Constitution Day 2020
We the Women: Discovering the ‘Founding Mothers’ of Our Constitution
Tuesday, September 22, 2020, 6:00 pm
Please register HERE: https://stockton.zoom.us/webinar/register/WN_893x2U0GTNqwaxSnca-j6g
Registration will be capped at 1,000.
Julie Chi-hye Suk is Professor of Sociology, Political Science, and Liberal Studies at The Graduate Center of the City University of New York (CUNY), where she also serves as the academic dean overseeing the Graduate Center’s interdisciplinary master’s programs. For Fall 2020, she has been appointed Visiting Professor of Law at Yale Law School. Prior to joining The Graduate Center, Suk was a law professor for 13 years at Cardozo Law School in New York, and taught as a visiting professor at the law schools at Harvard, Columbia, University of Chicago, and UCLA. She has lectured widely in the United States and Europe and has been a visiting fellow at the European University Institute in Florence and LUISS-Guido Carli in Rome. She has a J.D. from Yale Law School, where she studied on a Paul & Daisy Soros Fellowship for New Americans and a D.Phil. in Politics from Oxford University, where she held a Marshall Scholarship. Suk is an interdisciplinary legal scholar, focusing on women as constitution-makers at the intersection of law, history, sociology, and politics.
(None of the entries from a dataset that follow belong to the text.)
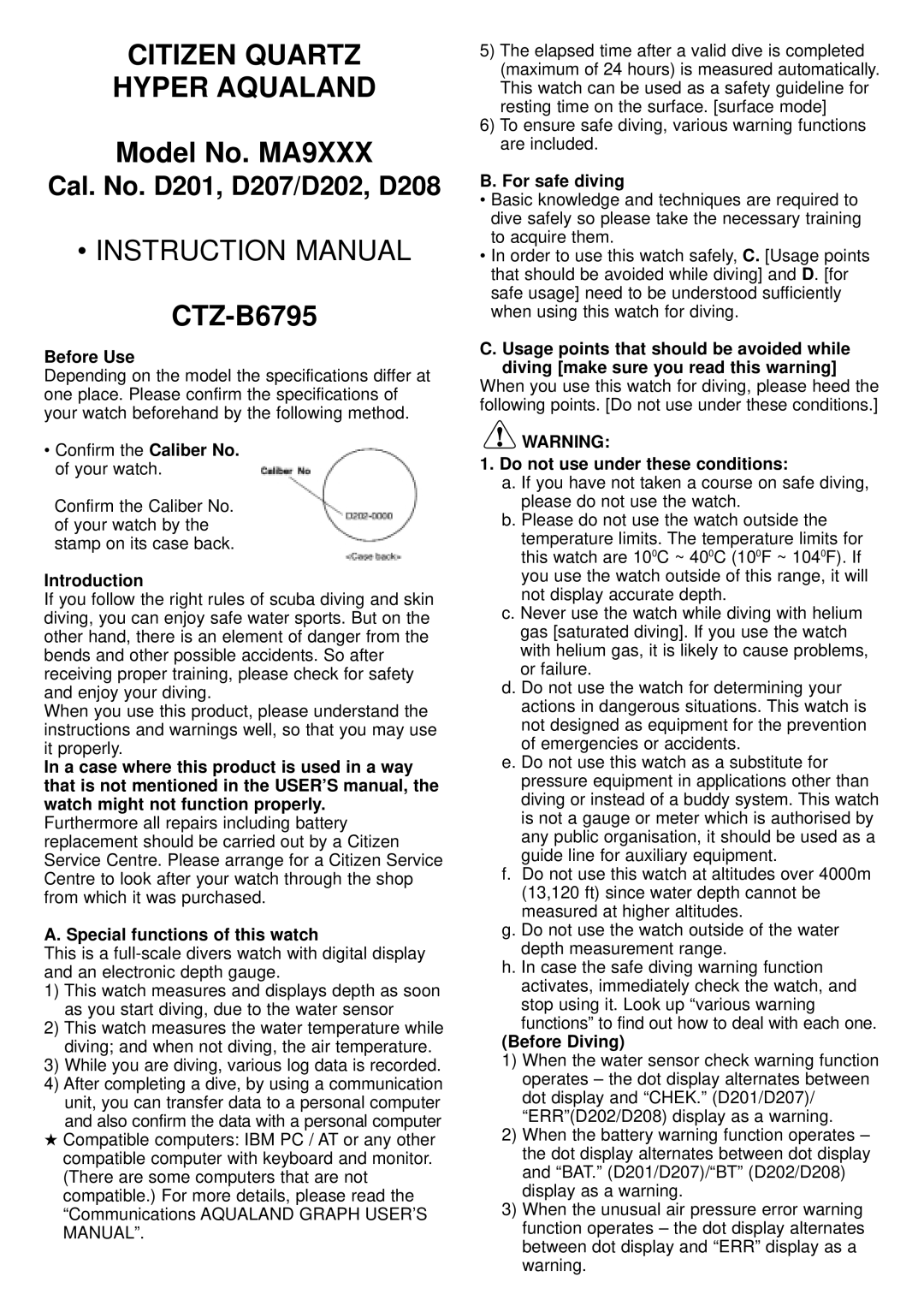 Citizen MA9XXX instruction manual Before Use, Introduction, Special functions of this watch, For safe diving 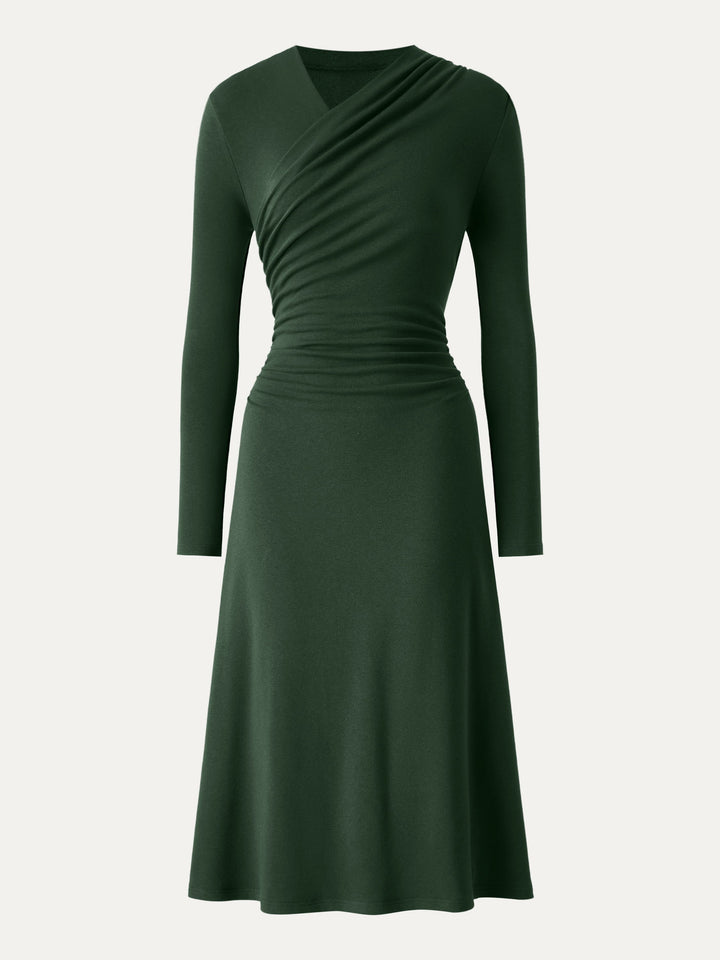 ProWarm Crossover Wrap Neck Long Sleeve Midi Dress
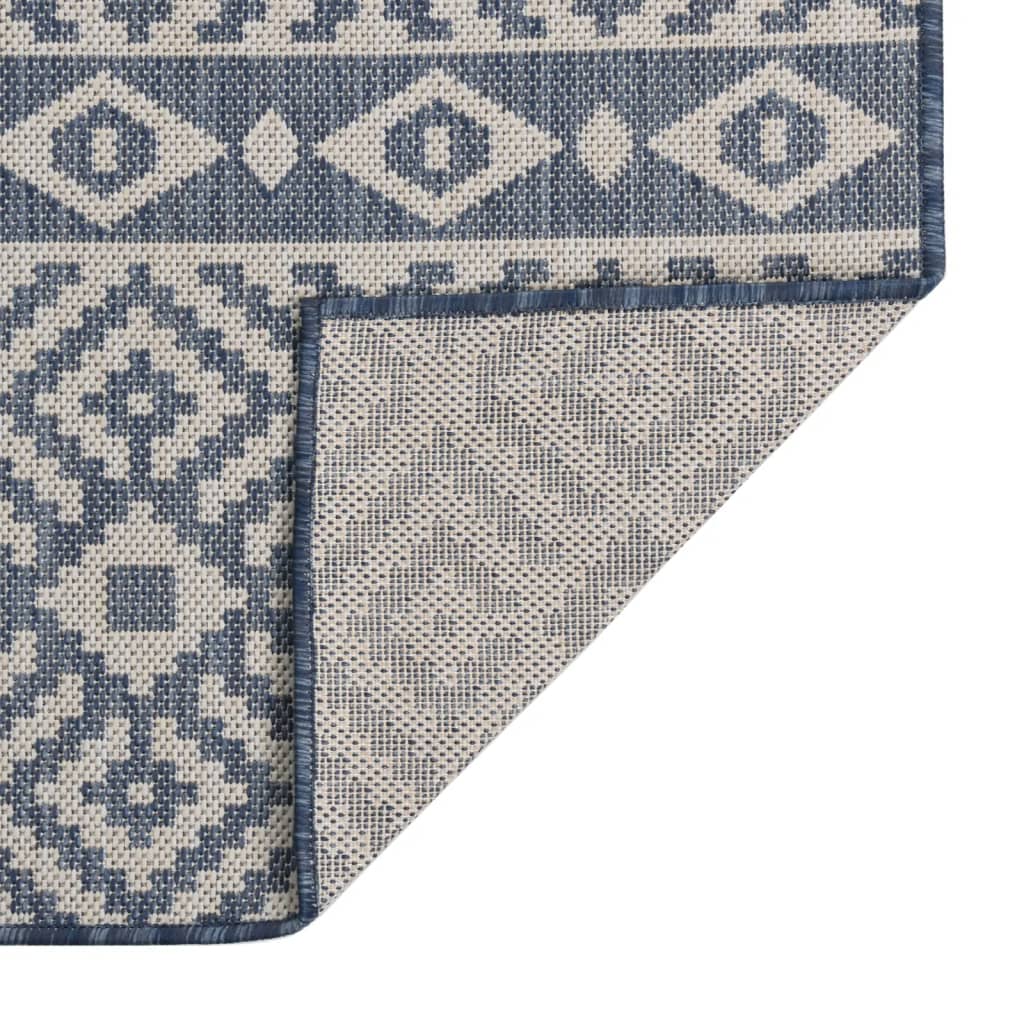 Vidaxl tappeto esterno con pattern piatto -80x250 cm blu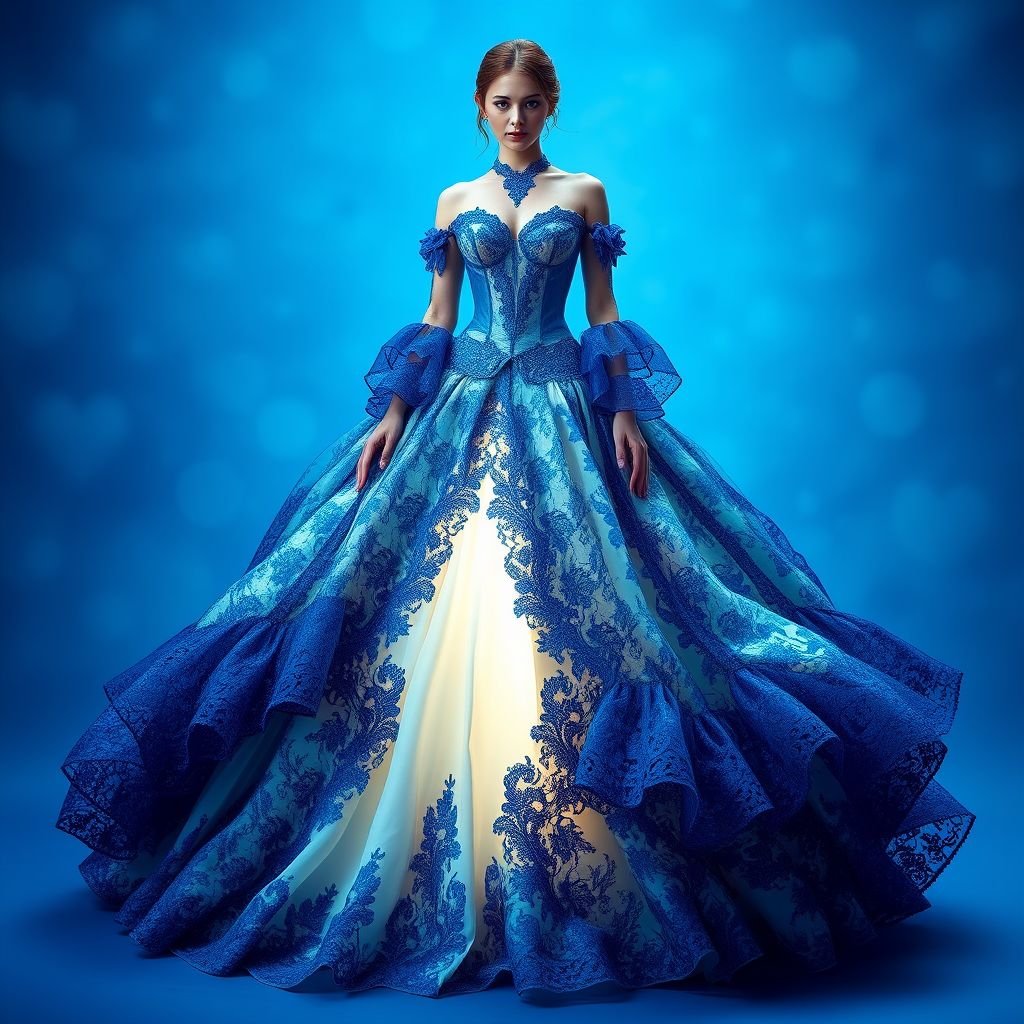 Historic fantasy ball gown with long through lace sleeves, an off the shoulder look, and a halter top neckline in sapphire colored with different dimensions of blue throughout. Has a long ornate skirt, extremely full and very flouncy With lots of more layers of lace and different colors blue. from the empire waist line, with a high low open (from mid thighs ) front design to a bright white under layer for the skirt
Exquisite historic fantasy ball gown, enchanting sapphire hues with iridescent blue tones. Off-the-shoulder silhouette, gracefully draping lace sleeves, halter neckline, showcasing elegance. Ornate, voluminous skirt cascades dramatically, layers of lace intertwining shades of blue. Empire waist accentuates form, high-low front reveal showcasing luminous white underskirt, captivating and ethereal, a timeless masterpiece.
Her 2020 book, We the Women: The Unstoppable Mothers of the Equal Rights Amendment, explores the ERA’s past to guide its future, telling the stories of the forgotten women lawmakers and lawyers who shaped the ERA over a century. She is a frequent commentator in the media on legal issues affecting women, including The New York Times, The Washington Post, Vox, and CBS News.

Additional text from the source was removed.